I also changed the luminosity and colour of the mid-tones separately in the same manner, but the change in colour in the mids is very subtle for an example which is why I've shown the darks. The other advantage is that I did not do this with colour for the lights because saturating the highlights removes the white and therefore the bright yellows, for example, reducing the range of colours to almost monotonous and continuous tones. Also because an area will be a range of luminance, when you adjust just one part of it you also introduce variation within that range of luminance which increases the impression of colour rather than equalising all luminance, and therefore the whole image to the same range of contrasts and therefore tones. Variations of colour in context is the key.

Now here is the image with the mid tones mask set to luminosity both hidden and revealed. I show you this so you can see the effect on colour of changing the luminosity only because luminosity is a property of colour and affects the impression of colour. With it off:





And with it on:





Though the colour does not change because the contrast changes so does the impression of colour. But please note that it is contrast in the luminosity channel only and not the contrast that links both luminosity _and_ colour which is how the curves layer works in normal blending mode.

When using blending modes there are other things you can do that I did with this image.

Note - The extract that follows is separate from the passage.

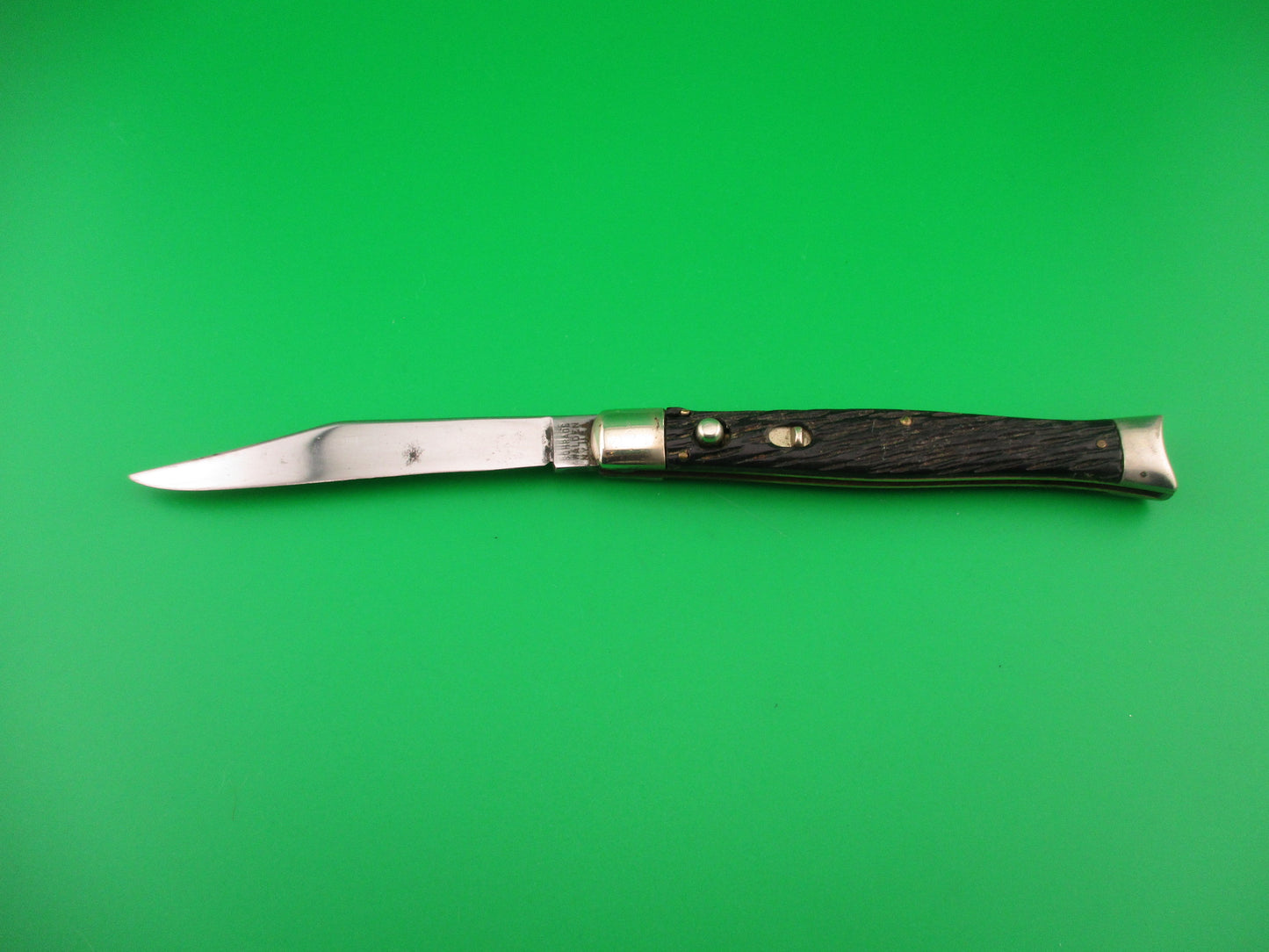 SCHRADE WALDEN NY USA Fishtail Black Stagged vintage automatic knife w bolsters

For instance the B&W layer is set to luminosity so it only changes the luminosity of colour and not the colour! Be careful though and try and mimic colour filters so a smooth transition between adjacent colours rather than wild and random adjustments.


----------



## smoke665 (Sep 12, 2016)

Thank you @Tim Tucker for the explanation.  I have a tutorial that I've been following that explained the Highlights and Shadows pretty decent, but they switched to a hue/saturation adjustment on the midtones, which was throwing me off. I like the idea of separate adjustment layers for colors and luminosity. I'm going to experiment with that. I also notice that unlike the tutorial I've been following that you've used different anchor points on the curve (also going to try)


----------



## Tim Tucker (Sep 12, 2016)

smoke665 said:


> Thank you @Tim Tucker for the explanation.  I have a tutorial that I've been following that explained the Highlights and Shadows pretty decent, but they switched to a hue/saturation adjustment on the midtones, which was throwing me off. I like the idea of separate adjustment layers for colors and luminosity. I'm going to experiment with that. I also notice that unlike the tutorial I've been following that you've used different anchor points on the curve (also going to try)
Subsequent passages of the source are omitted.